If you have the ends of two wires, you can't possibly be measuring
amps. So either you are completely confused, or I have completely
misunderstood what you are talking about. Amps are what you get when
electricity travels through things. If there is no _thing_, then there
are no amps. What you said is basically the same as me saying "I walked
out to the road in front of my house with a meter and measured 35mph
coming out of the road." It just don't make sense.

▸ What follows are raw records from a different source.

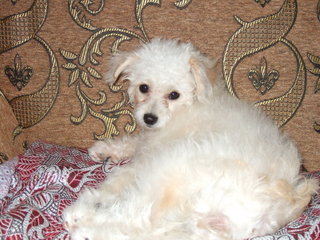 SASHAR FEELING LAZY ON SOFA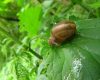 A snail feding on a plant in the garden.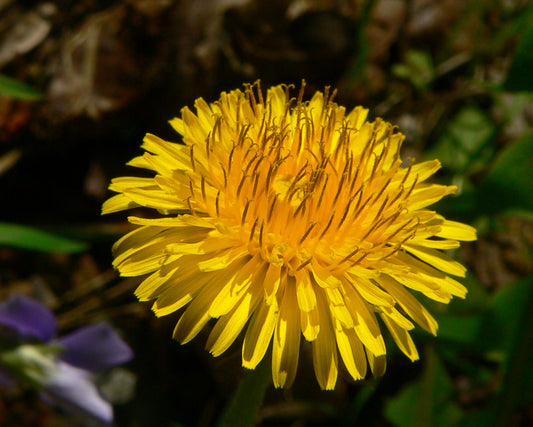 Fun Facts about Dandelion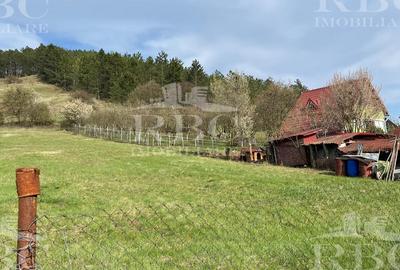 Teren in suprafata de 6300 mp extravilan in Garbau - 1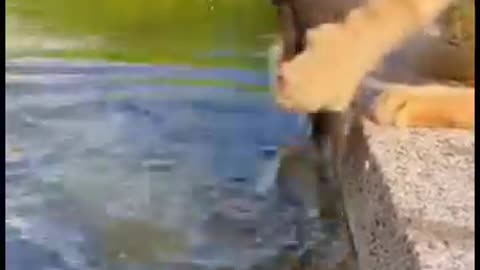 Cat 😺 is very talented 🤩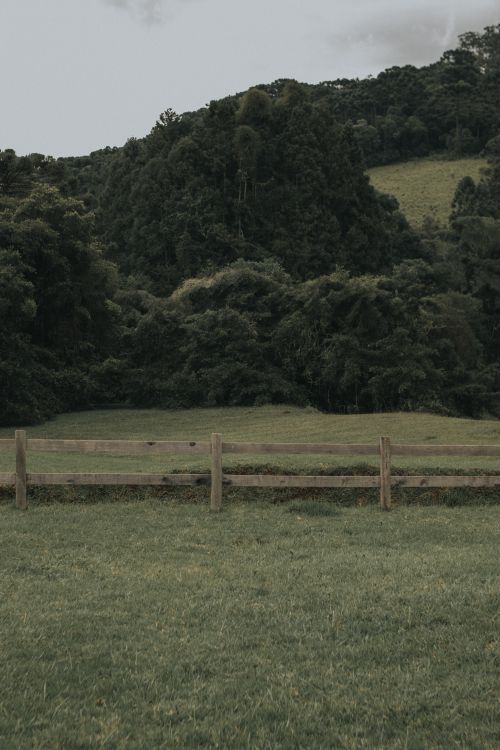 Free A serene view of a lush green field bordered by a wooden fence near forested hills. Stock Photo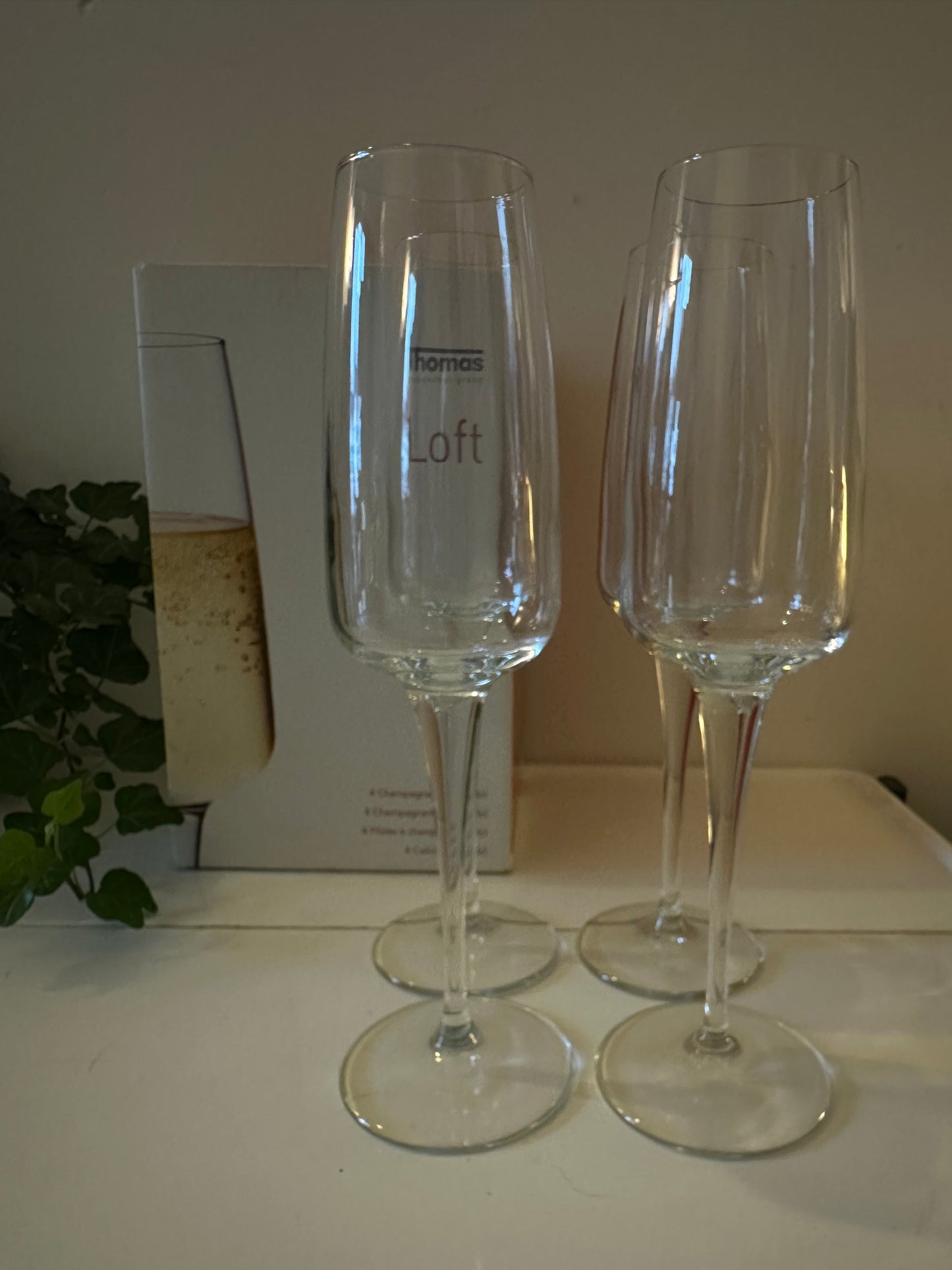 Set van 4 champagne flutes Rosenthal Thomas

What you likelly have is not 122 volts. What you have is 12V. There is
a transformer in your basement that converts from 122 volts down to 12.
Now, this transformer is only capable of putting out a certain number
of amps, maybe just 1 or probably even less (I really don't know -- but
it is certainly down in the range of a few tens or hundreds of
milli-amp, and not more than say 1-amp). When you put your "2-amp"
thermostat on, it tries to pull too much electricity through the thing.
What ends up happening is that the transformer can't keep up, and could
overheat and ruin itself. In these cases you might see the voltage drop
below 12V, and you would inteed get a "low power" indicator. Of course,
you won't see any such drop when there is no thermostat connected.

Alternatively, is it that you only have a _single_ wire, which you are
measuring the current as it is travelling through the wire? In that
case you could be trying to wire something in series (where I mean
_really_ in series, electrically, not as many people use the word).
Which is bad.

Or I could just be completely off my rocker. (Admittedly, I haven't
slept in a bit.)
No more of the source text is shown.